There are two scenarios where inflated responsibility may not follow the process outlined above.
1. Depression – The voice of depression is hopeless, helpless, guilty, and worthless. If you are experiencing depression, your hopeless, helpless, guilty, or worthless thought might not arrive with a spike of anxiety. Rather, you might already have those feelings and then the content of your thinking arrives in your mind with a ruminative texture that reinforces the depressive mood. This is also inflated responsibility. The nature of depression is that helpless, hopeless, guilty, and worthless thoughts and feelings arrive in your body and then you behave as though those thoughts and feelings are true, giving them more meaning than they deserve.
Recovery from depression involves understanding the depressive pattern and attempting to bring flexibility to depression reinforcing behaviors. As an example, if you are feeling worthless and helpless, your behavioral urge will be to give up. Any problem solving behavior (to which you do not add self-criticism) has the opportunity to shift your feelings of worthlessness and helplessness.
2. Positive outlook towards responsibility of thoughts – The belief that what shows up in your mind has special meaning and is important for its own sake creates experiences that may not involve a spike of anxiety, but maintain inflated responsibility nonetheless. The following specific beliefs will keep you stuck in your thoughts, regardless of content:
- If I worry about something, that means I care. Or if I don’t worry that means I don’t care enough.
- Worry protects me from surprises, from having expectations that are too high, or from bad things happening to me.
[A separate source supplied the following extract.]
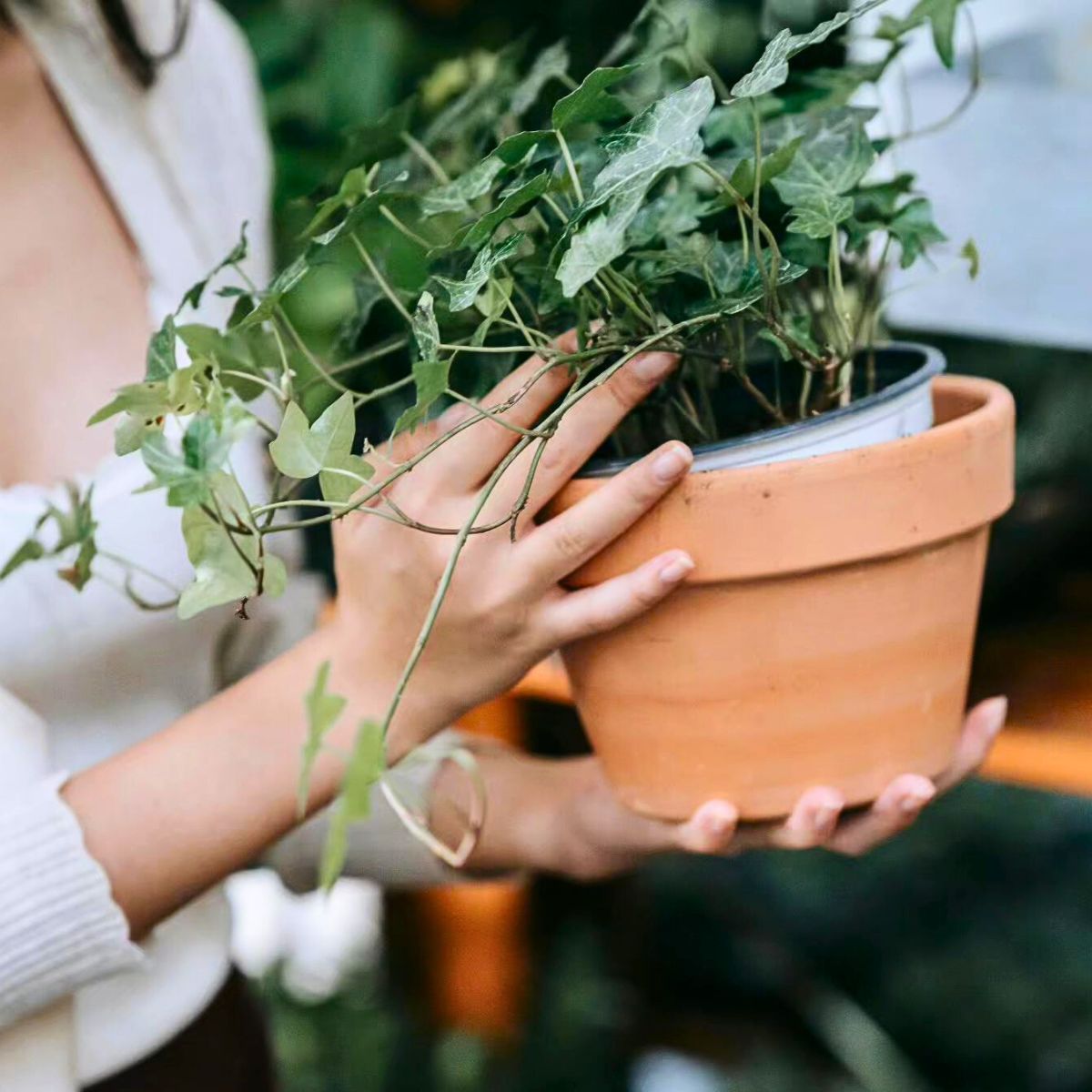 English ivy Top 10 Healthy Houseplants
- I would feel too uncertain or anxious if I didn’t worry. Or, if I’m feeling anxious or uncertain, I should worry to figure it out.
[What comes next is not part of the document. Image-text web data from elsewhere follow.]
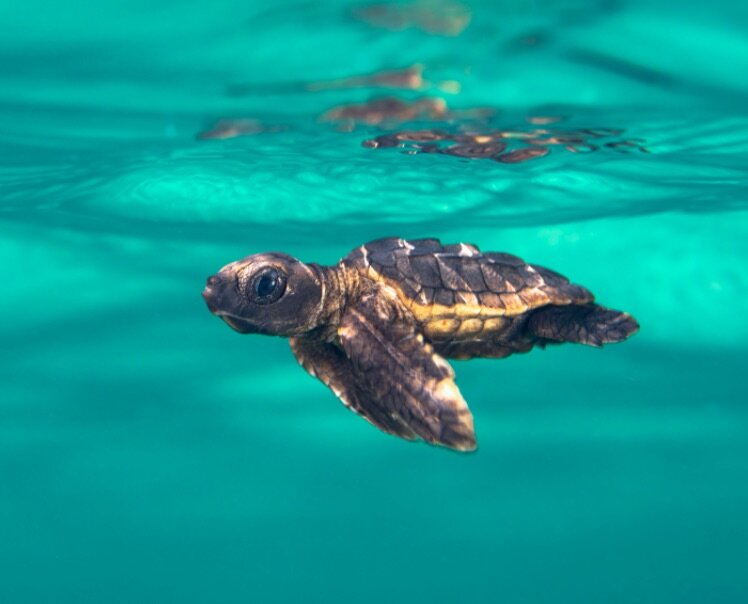 Dedicated to the Space Within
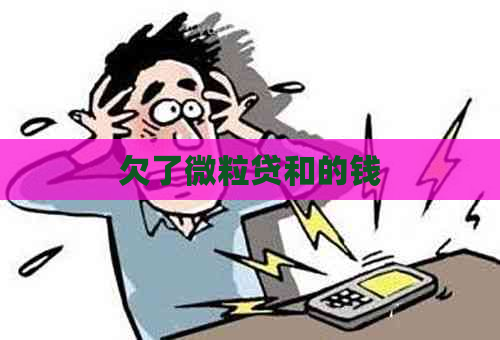 欠了微粒贷和的钱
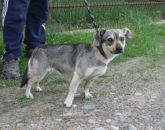 02.05.2018 BRZEŹNIO GMINA 616093900489977 SAMICA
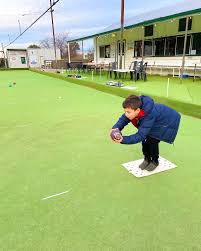 Image result for Hotham Bowls Club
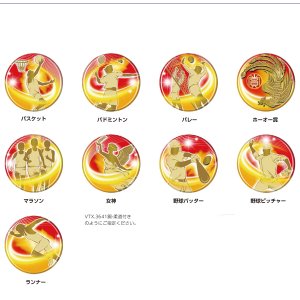 MDSメダルレリーフ画像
To overcome your positive outlook about responsibility of thoughts focus on choice and values.
- Am I choosing to think about this? If given the choice to think or act on this idea, is what I’m doing the best strategy to get a real answer?
- Do I value the time I spend on this?
- Would I choose to think about this and stay with this regardless of how I feel?
Questions for reflection about inflated responsibility of thoughts:
- What content areas of sticky thoughts seem meaningful to you?
- What do you typically do when your thoughts get stuck because they feel meaningful?
- How does inflated responsibility interact with some of your other mechanisms?
- Which of these thinking patterns resonate with me?
- Are you sure that the presence of a thought means something special about you or means that you have to think about it?
- What are some reasons to be willing to be uncertain about the meaning of your thoughts?